TASK STATEMENT -
Produce a word-for-word copy of the lines from the one that contains "27 Inch LCD" to the final line of the data below, with all pictures dropped.

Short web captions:
----
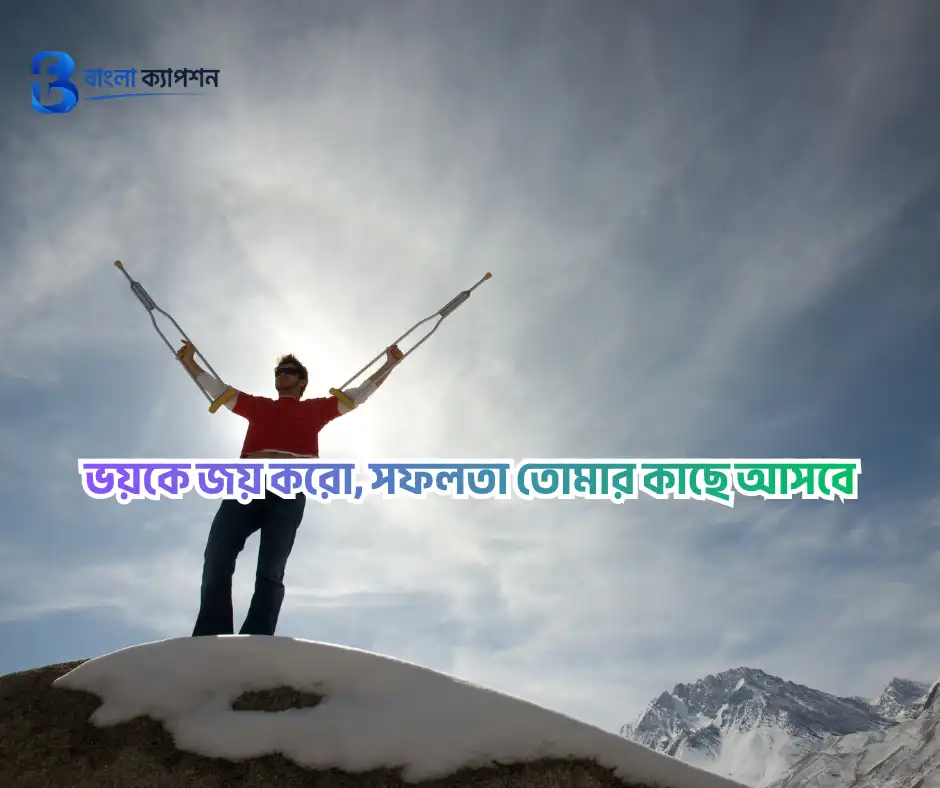 উপদেশমূলক উক্তি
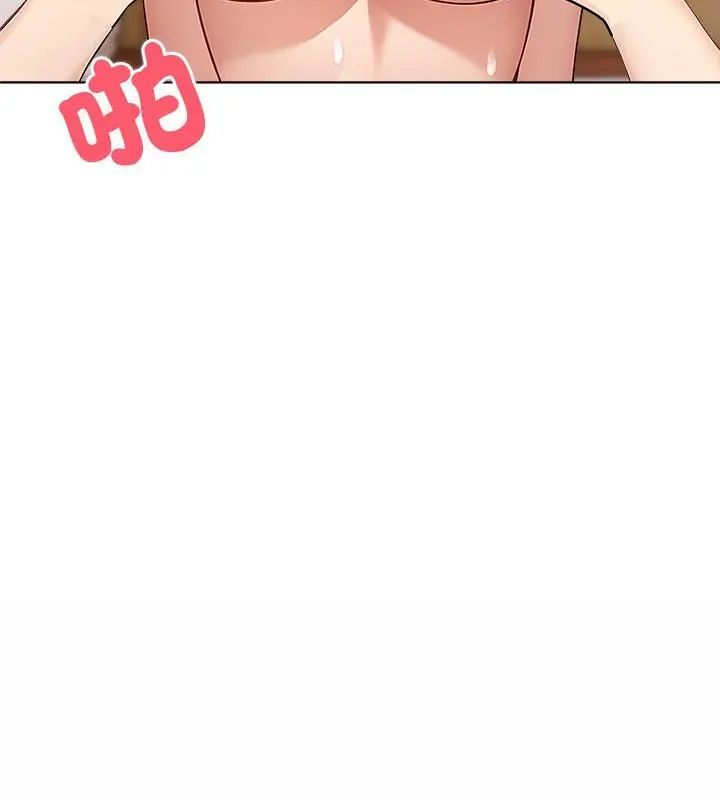 世界末日第5话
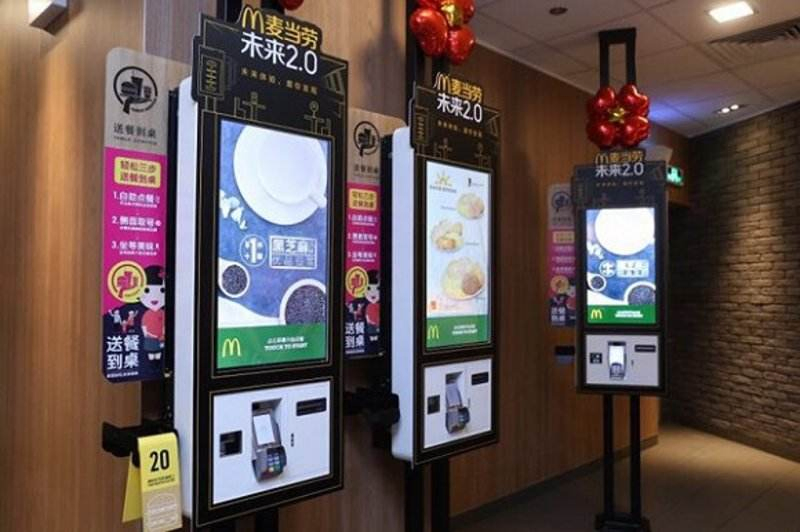 27 Inch LCD Display Digital Signage Advertising Touchscreen Monitor Payment Inforamtion Self-Service Food Kiosk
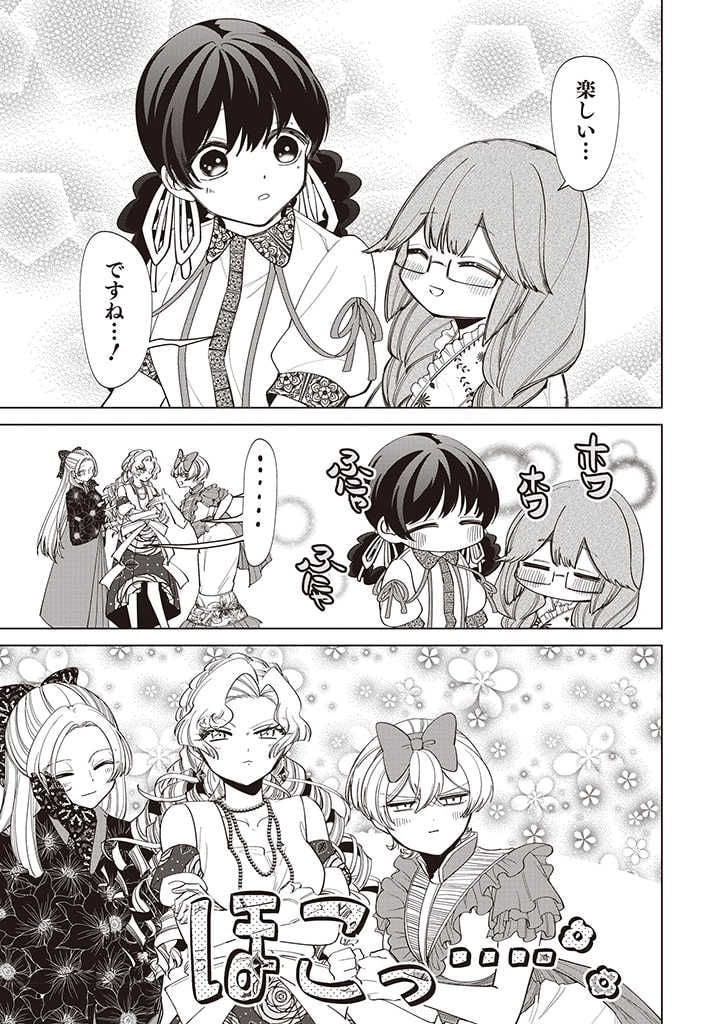 22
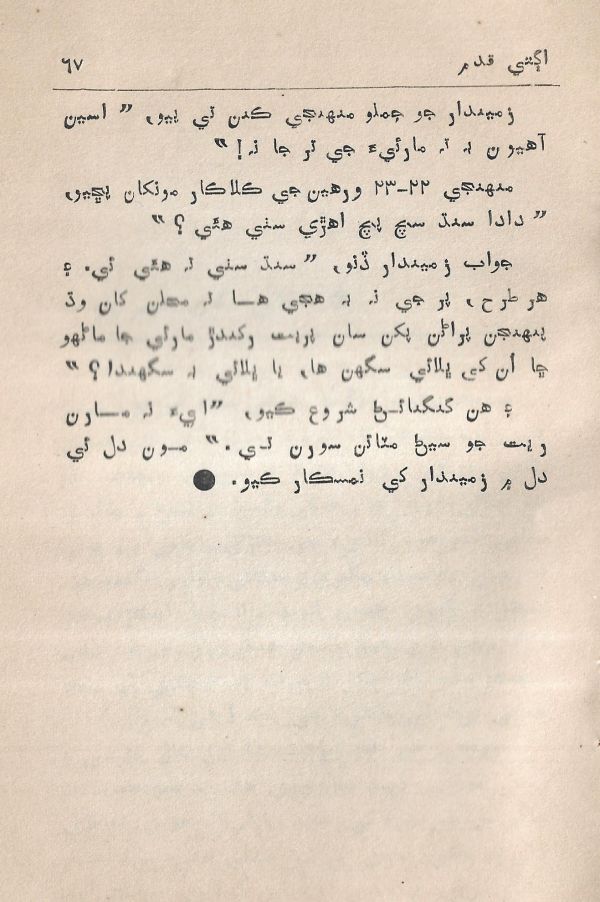 Agtey Kadam - Page no 68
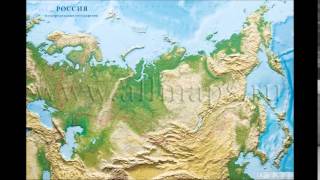 Рельефная карта РФ 1,35 х 1,9 м - ALLMAPS.RU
----
SOLUTION TO THIS EXERCISE -
 27 Inch LCD Display Digital Signage Advertising Touchscreen Monitor Payment Inforamtion Self-Service Food Kiosk
 22
 Agtey Kadam - Page no 68
 Рельефная карта РФ 1,35 х 1,9 м - ALLMAPS.RU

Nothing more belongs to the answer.